REQUIRED ACTION: The copy must hold exactly the lines from the one with "Blue sweatshirt with" through the end of the listing below, and nothing else, with no pictures.

[[ SUPPLIED INFORMATION open ]]

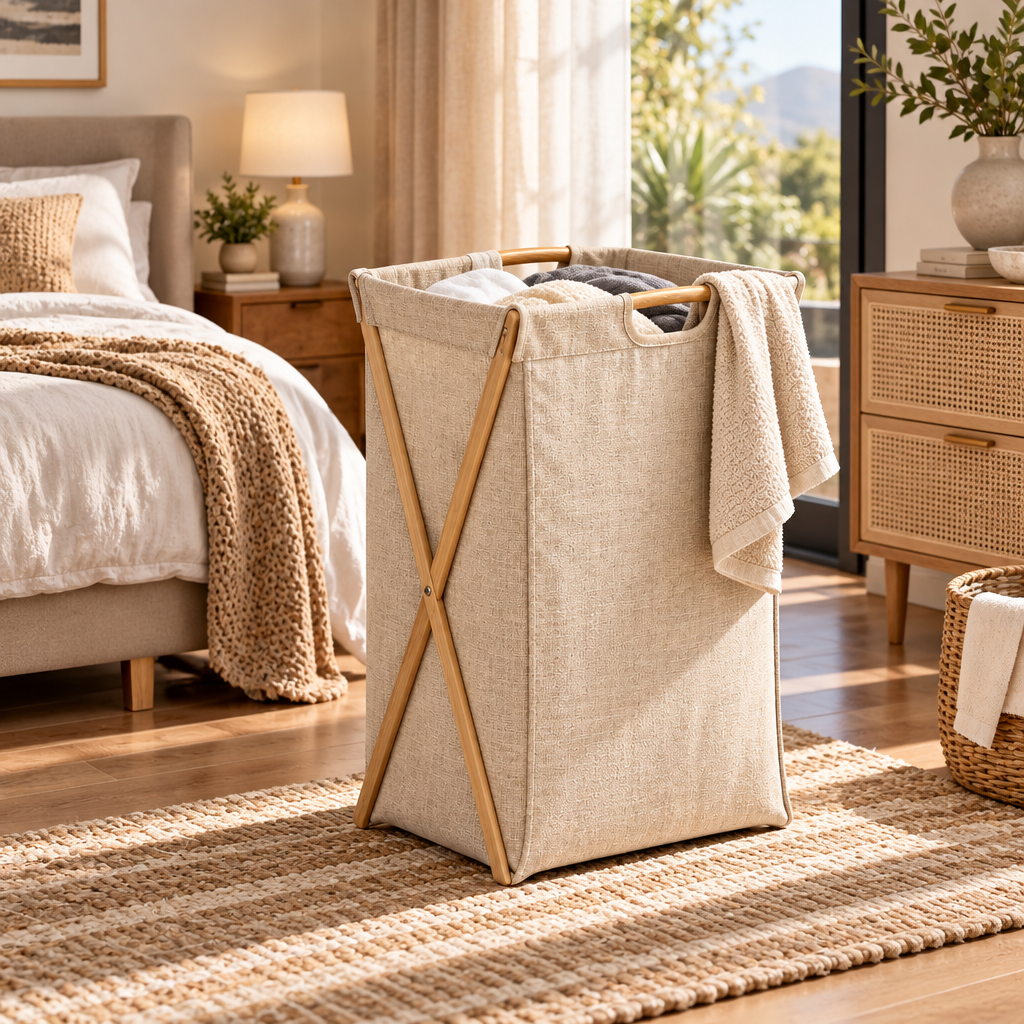 Taverqia Linen-Look Folding Laundry Hamper view 2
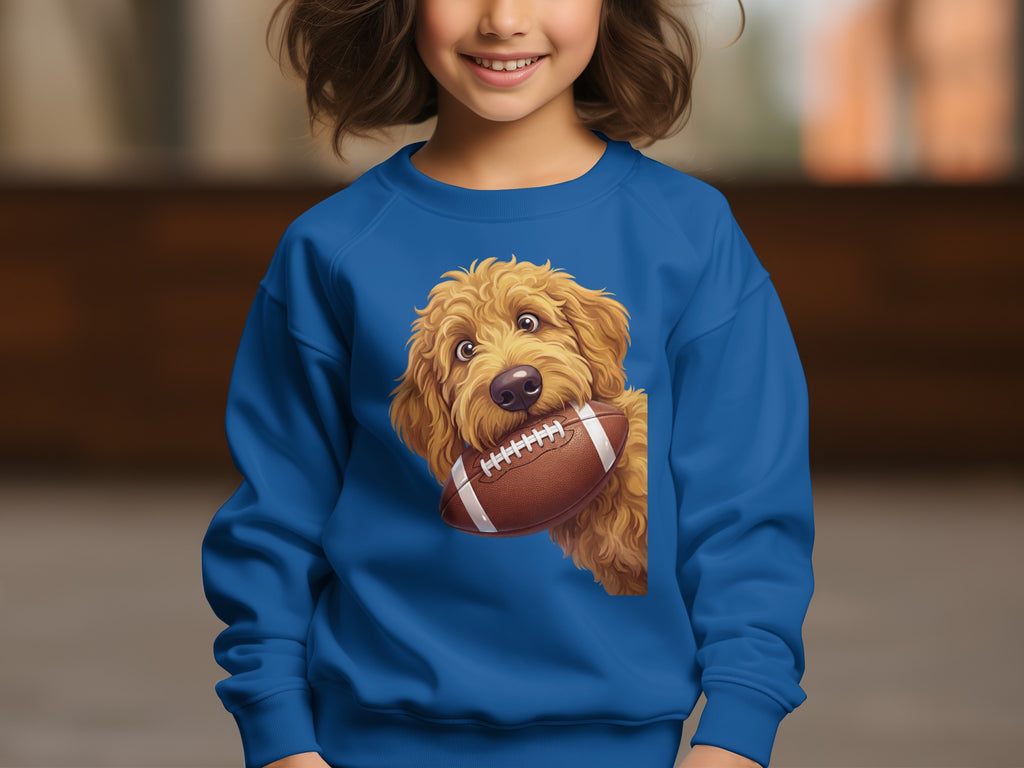 Blue sweatshirt with a cartoon doodle dog holding a football graphic.
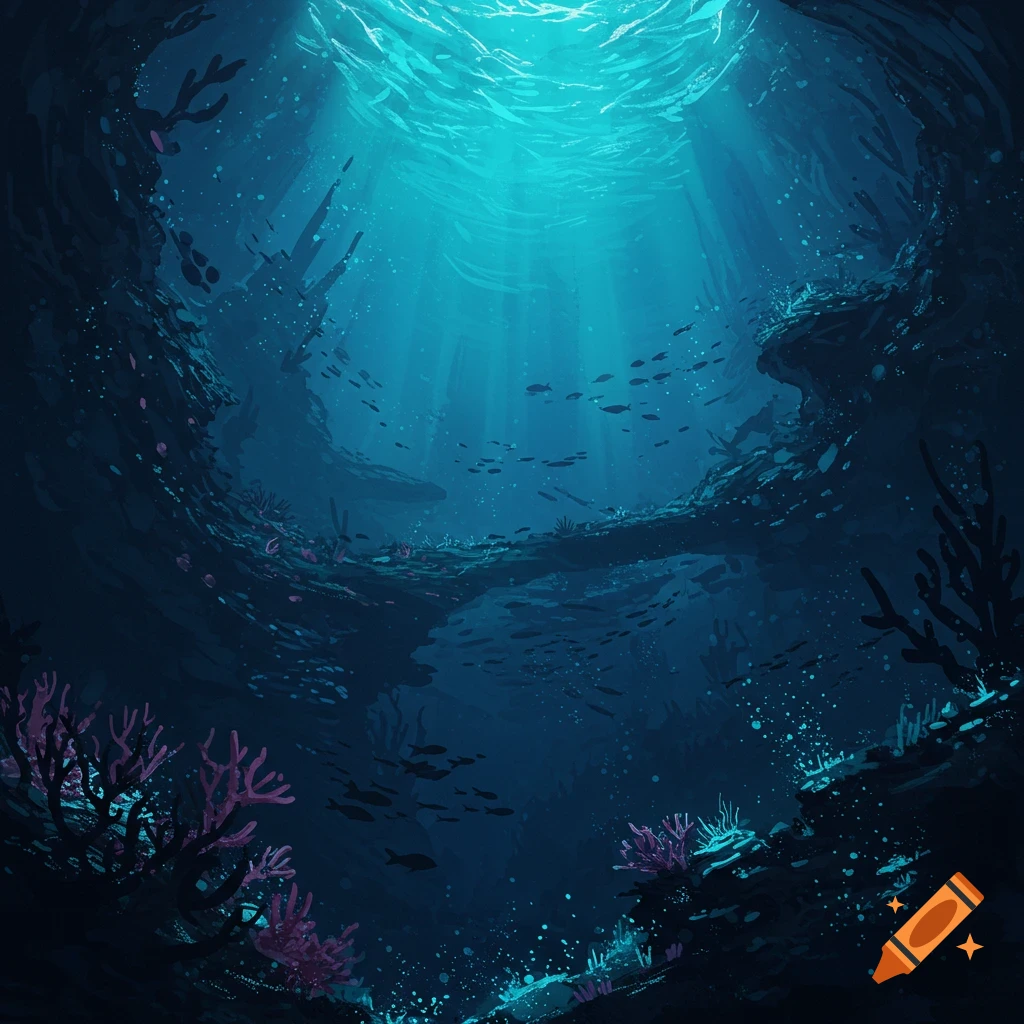 Sunlight streaming into a deep blue underwater cave with coral and fish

[[ SUPPLIED INFORMATION closed ]]

ANSWER FOR THIS EXERCISE:
 Blue sweatshirt with a cartoon doodle dog holding a football graphic.
 Sunlight streaming into a deep blue underwater cave with coral and fish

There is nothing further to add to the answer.